According to Gauld, students, teachers — and now schools — are pushed to succeed in a grade-based system that starts naming winners at an early age, so a ‘win at any cost’ philosophy takes over. Now that test scores are key in determining levels of staffing and school funding, teachers can exhibit the same fear and desperation about grades as their students.
“What has transpired in Atlanta is the natural outcome of this approach to education, and there are serious ramifications to the winning at any cost mentality,” he says, “including the loss of real self-esteem and the ability to be an honest role model to kids.”
This emphasis on grades, which has little to do with character or the child’s overall effort, is the reason Gauld’s father founded the original Hyde School in Maine in 1966.
“As a teacher, my father didn’t understand giving a good student, who struggled and honestly tried his best, his worst grade while giving another student, who didn’t really care, an easy A. It didn’t make sense to him then, and with what we’ve learned from these teachers in Atlanta, it doesn’t make sense now.”
Gauld adds that the Hyde approach places principles at the core of its educational philosophy. Five principles — courage, integrity, leadership, curiosity, and concern — are part of every lesson plan at the schools’ boarding and public schools, and attitude and effort are included when measuring student performance.
“I received grades for my effort and attitude in the classroom,” says Hyde graduate Kayla MacMillan. “Getting the ‘A’ in class not only meant getting the right answer, but having a good attitude about learning.”

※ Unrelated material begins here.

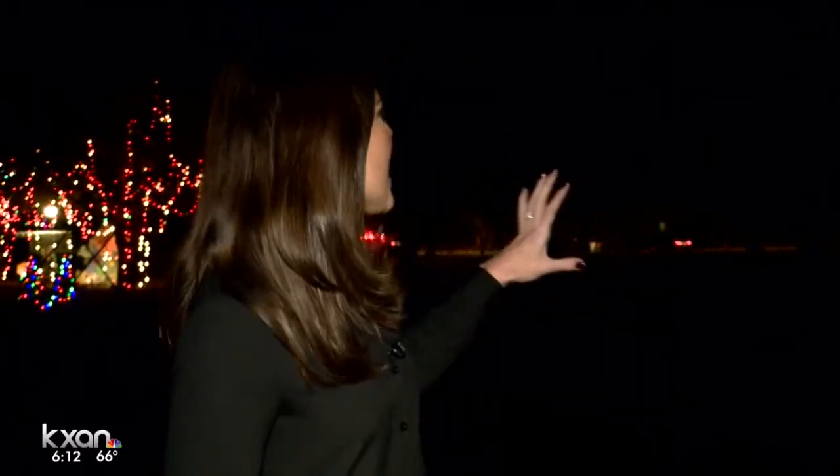Hey guys, you can see it's pretty dark behind me. This is actually the rainbow tunnel — you probably saw it in that video earlier. So this is dark right now. We're going to flip the switch on the rainbow tunnel at about seven o'clock tonight, but I do want to show you something pretty special.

A growing concern at the decline of ethical awareness over the past decade has led to a reemergence of character education in public and private schools throughout the country. While Gauld contends that the trend — as part of educational reform — is movement in the right direction, he sees few schools that infuse character development into all areas of learning.
“Students need to grow and strive together, but without the performance pressure that leads to vacuous competition,” Gauld says. “Additionally, if teachers — and parents — are not modeling positive standards for learning to students, it’s all for naught.”
“Grades matter, but in the end, who you are matters more than how you stack up against others. That goes for teachers, too.”